TASK REQUIREMENTS: Would you retype, word for word, only the lines from the one holding "Photo of Outdoor in Pala" through the final line of the entries below, without the pictures?

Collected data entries
--- START ---
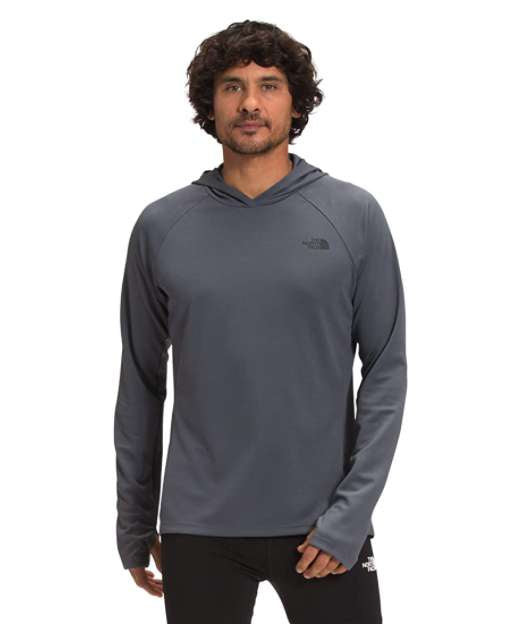 The North Face Men's Wander Sun Hoodie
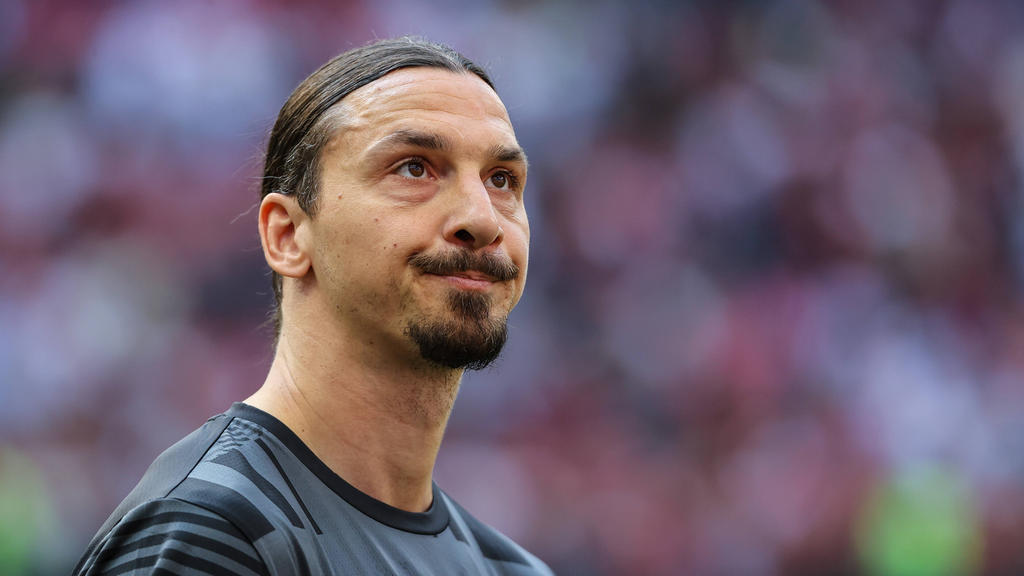 Serie A » News » Ibrahimovic endured sleepless nights to deliver Serie A  title for Milan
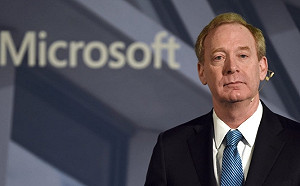 微軟總裁辦公室被占領! 抗議者批與以色列合作 還放竊聽裝置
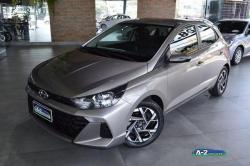 HYUNDAI HB 20 Hatch 1.0 12V 4P FLEX COMFORT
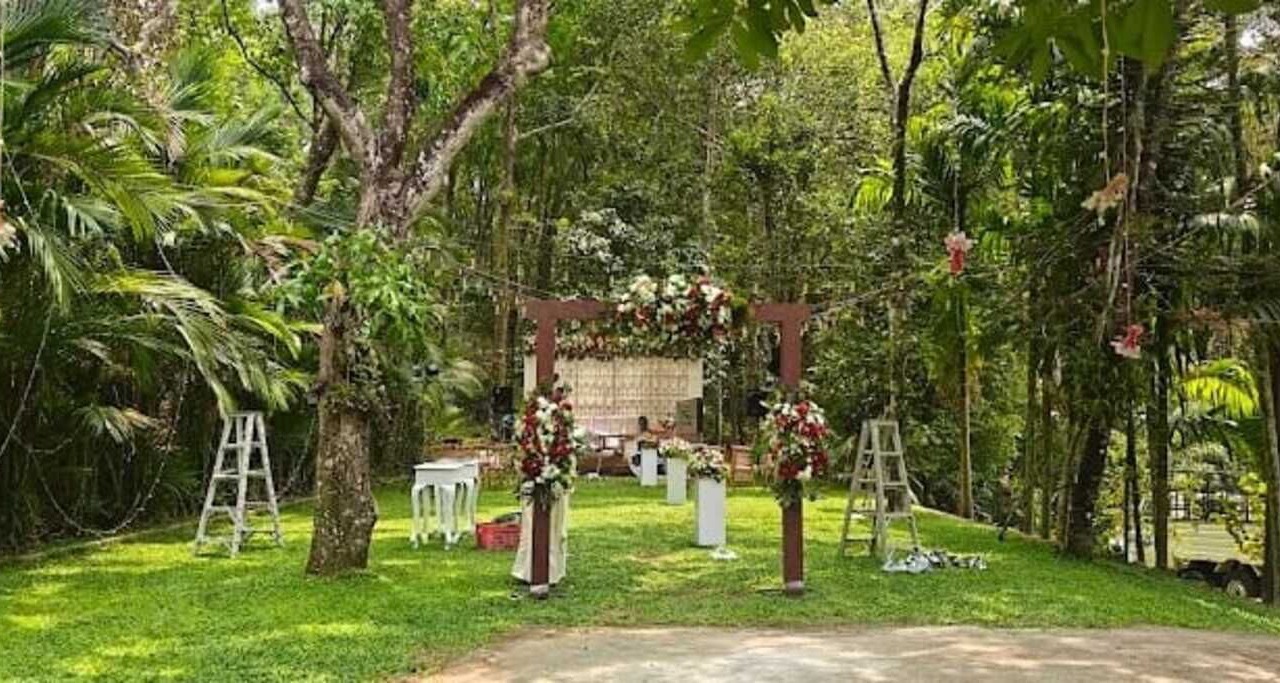 Photo of Outdoor in Pala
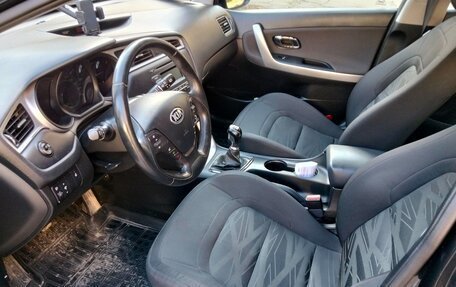 KIA cee'd III, 2018 год, 1 250 000 рублей, 6 фотография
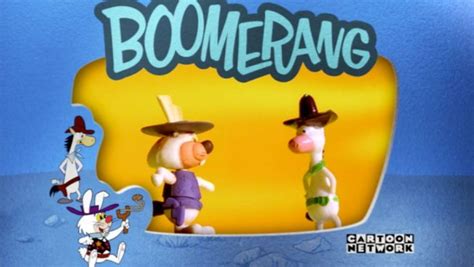 Boomerang Launch Bluetube Warner Bros Cartoons Boomerang Product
--- END ---
SOLUTION FOR THIS PROBLEM:
 Photo of Outdoor in Pala
 KIA cee'd III, 2018 год, 1 250 000 рублей, 6 фотография
 Boomerang Launch Bluetube Warner Bros Cartoons Boomerang Product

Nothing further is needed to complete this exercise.